This is called a two-way contingency table. It is a two-way contingency table because it summarises the frequency distribution of two categorical variables at the same time²⁶. If we had measured three variables, we would have a three-way contingency table (e.g. 2 x 2 x 2).

A contingency table takes its name from the fact that it captures the ‘contingencies’ among the categorical variables: it summarises how the frequencies of one categorical variable are associated with the categories of another. The term association is used here to describe the non-independence of categories among categorical variables. Other terms used to refer to the same idea include ‘linkage’, ‘non-independence’, and ‘interaction’.

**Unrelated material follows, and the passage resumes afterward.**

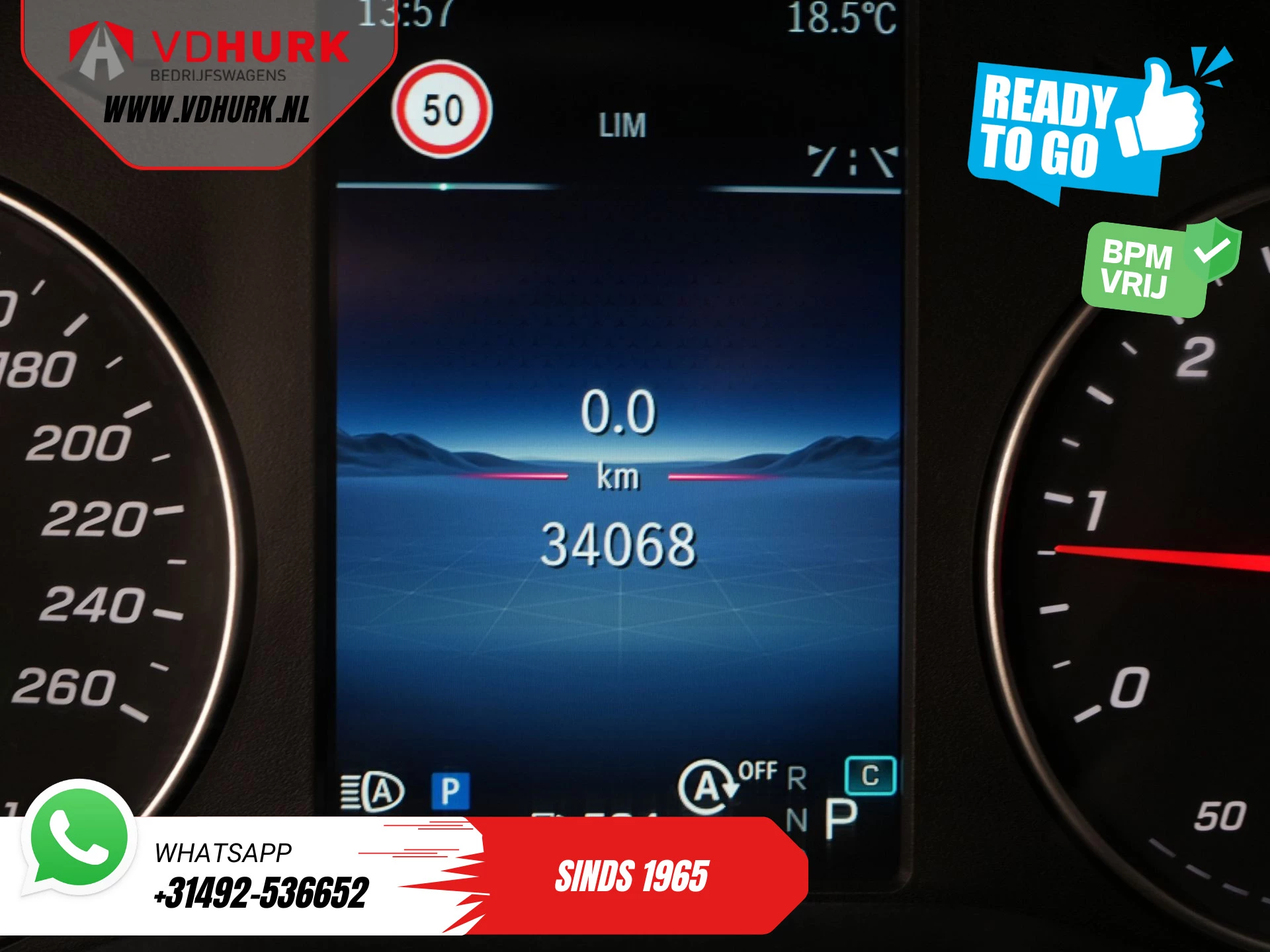 Hoofdafbeelding Mercedes-Benz Vito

Associations are evident when the proportions of objects in one set of categories (e.g. R1 and R2) depends on a second set of categories (e.g. C1 and C2). Here are two possibilities:

Table 27.1: Contingency tables without an association (left table), and with an association (right table), among two categorical variables

	C1	C2
R1	10	20
R2	40	80

	C1	C2
R1	10	80
R2	40	20

There is no evidence of association in the first table (left): the numbers in category R1 are 1/4 of those in category R2, whether the observations are in category C1 or C2. Notice that this reasoning isn’t about the total numbers in each category—there are 100 category C2 cases and only 50 category C1 cases.
There is evidence of an association in the second table (right): the proportion of observations in R1 changes markedly depending on whether we are looking at observations for category C1 or category C2. The R1 cases are less frequent in the C1 column relative to the C2 column. Again, it is the proportions that matter, not the raw numbers.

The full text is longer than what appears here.